Directions for this task —
Look through the entries below and copy exactly the part that begins with the line containing "a kitchen with" and ends with the line containing "Gray Slate HardiePlank". Do not copy the pictures.

Information —
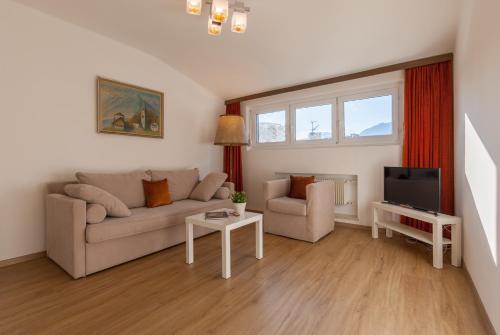a living room with a couch and a tv at Haus Kuen in Merano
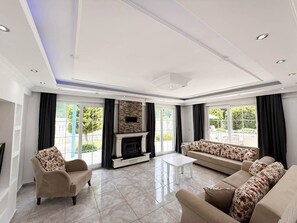 TV, fireplace - Villa Fergana - Six Bedroom Villa, Sleeps 12 (Oludeniz)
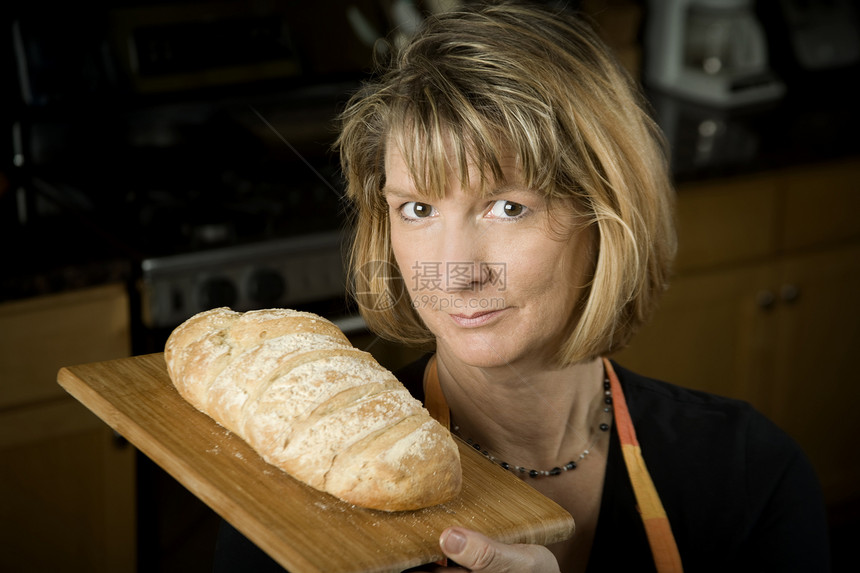 厨房里的女人和面包成人金发女郎房子烹饪快乐女性食物微笑面粉面包师图片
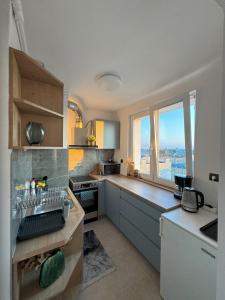 a kitchen with a view of a city from a window at Central City Off Piotrkowska District in Łódź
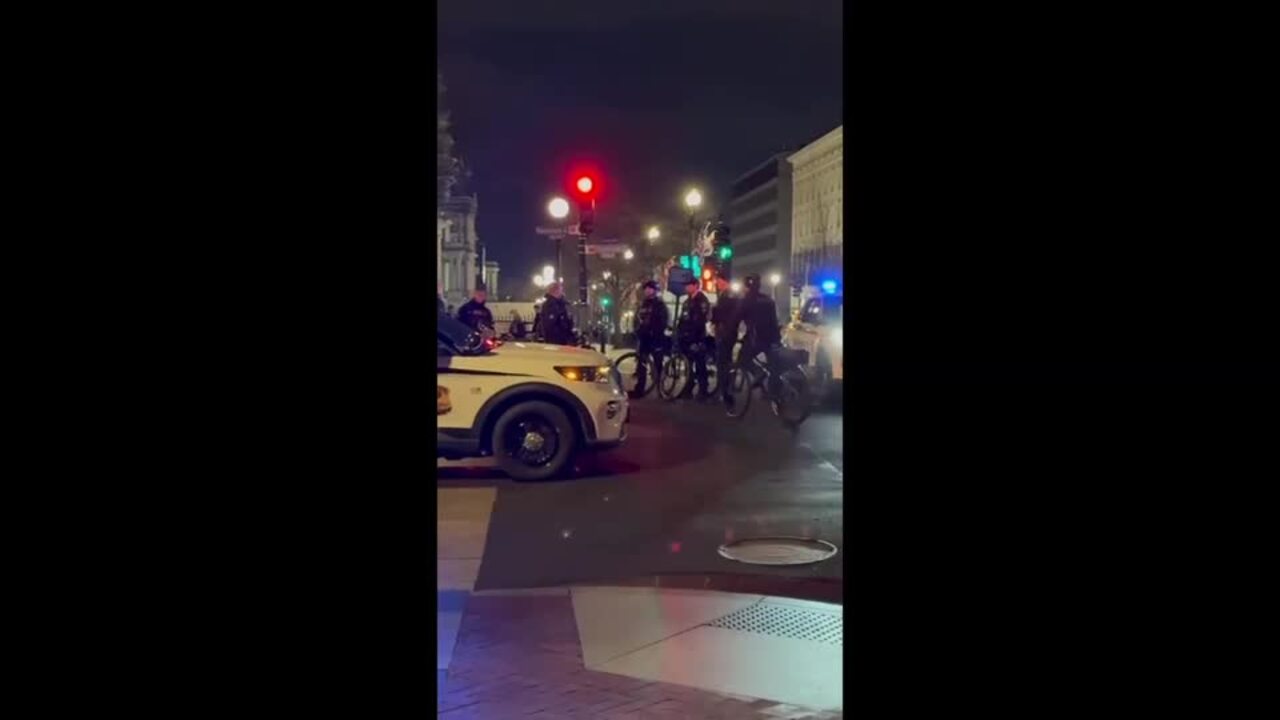 Police Guard Security Barriers as DC Prepares for Trump Inauguration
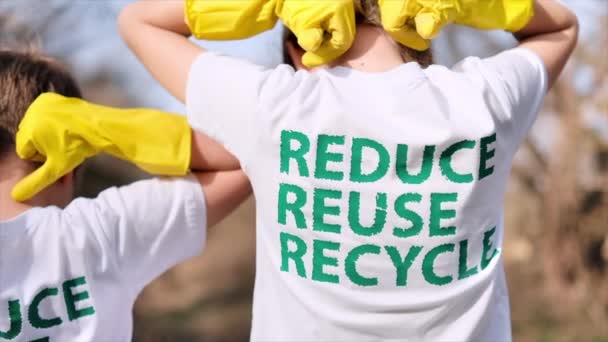 戴着橡胶手套的男孩和女孩在他们T恤衫上的生态题词上展示 在受污染的地方收集塑料垃圾 — 图库视频影像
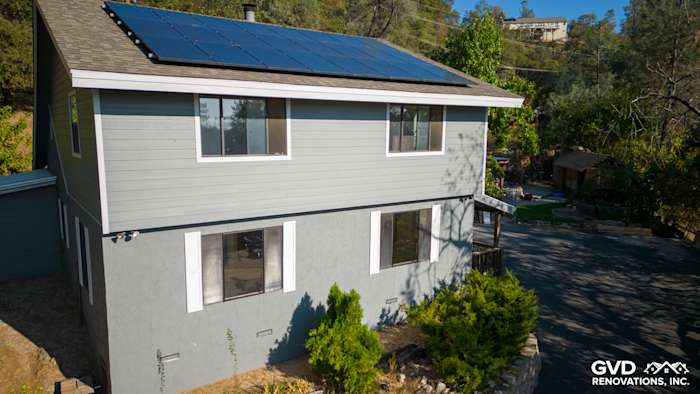 Gray Slate HardiePlank siding with Arctic White trim on a transformed Colfax, CA home exterior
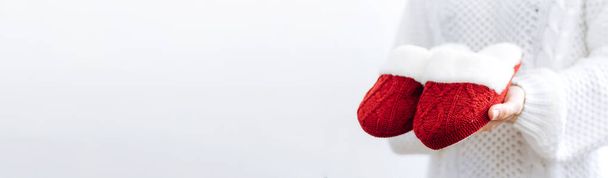 Mujer en suéter blanco sostiene cálidas zapatillas de punto rojo. Concepto de hogar familia vacaciones acogedoras Navidad Año Nuevo. - Foto, imagen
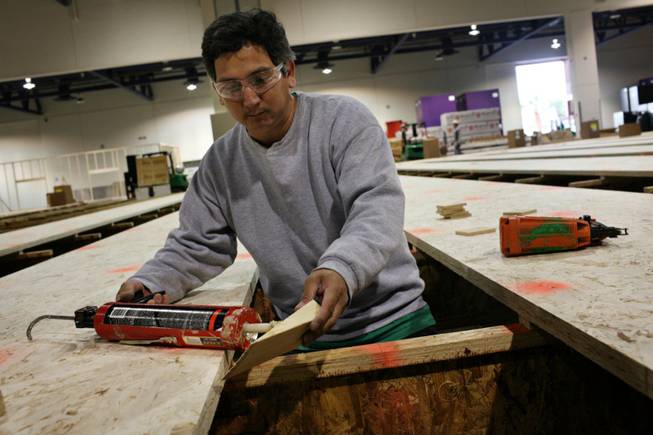 New bowling digs: At Cashman Center, Rodolfo Gonzalez works on the framework of what will be one of the largest bowling centers in Southern Nevada for the upcoming U.S. Bowling Congress Open Championships, which will run through August.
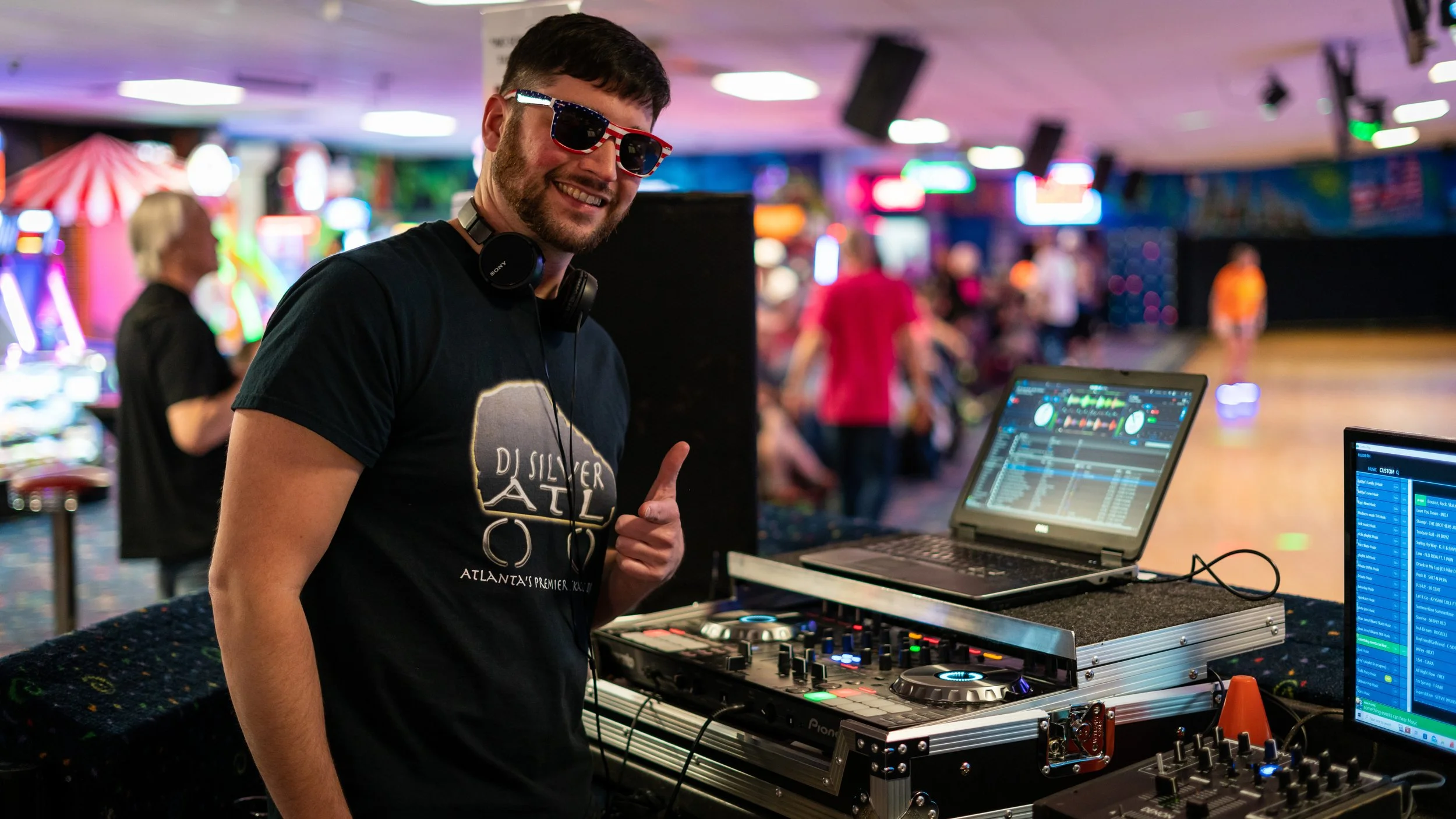 Men DJ wearing sunglasses, standing in front of DJ equipment, giving a thumbs-up at an indoor entertainment venue.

Answer to the problem —
 a kitchen with a view of a city from a window at Central City Off Piotrkowska District in Łódź
 Police Guard Security Barriers as DC Prepares for Trump Inauguration
 戴着橡胶手套的男孩和女孩在他们T恤衫上的生态题词上展示 在受污染的地方收集塑料垃圾 — 图库视频影像
 Gray Slate HardiePlank siding with Arctic White trim on a transformed Colfax, CA home exterior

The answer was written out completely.